Ce film mettait en scène la confrontation du bon vieux Sherlock avec Jack L’Éventreur pour la deuxième fois au cinéma après le film de James Hill en 1965. Comme toujours, la qualité de l’ensemble se juge déjà par sa capacité à créer une ambiance d’époque bien glauque et vaporeuse. De ce côté-là, le pari est relevé haut la main avec une photographie superbe, de belles reconstitutions en studio, des maquettes et des tableaux de toute beauté.

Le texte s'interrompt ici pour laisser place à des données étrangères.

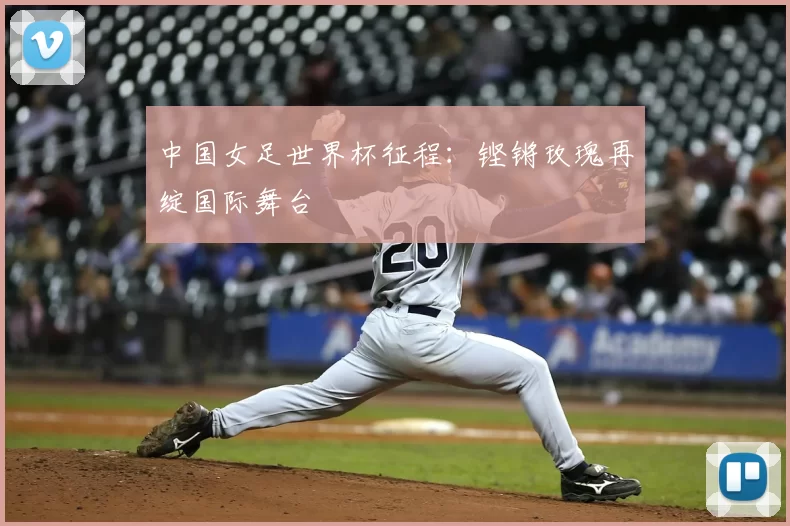 中国女足世界杯征程：铿锵玫瑰再绽国际舞台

La dimension cauchemardesque est parfaitement orchestrée par des plans en semi-ralenti et des crimes parfois tournés en caméra subjective. Ce n’est certes pas le Londres gothique de la Hammer, mais graphiquement, le résultat est une réussite. Le casting est, ensuite, parfaitement à la hauteur. Christopher Plummer incarne un Sherlock Holmes plus chaleureux qu’à l’accoutumée mais volontiers tourmenté et cassant. On savoure de découvrir James Mason en fin de carrière mais à nouveau à son aise dans une production plus en phase avec son talent : en docteur Watson à la fois grognon et espiègle, il s’acquitte parfaitement de sa mission. Autour du duo, les rôles sont bien tenus mais les personnages manquent certainement de profondeur.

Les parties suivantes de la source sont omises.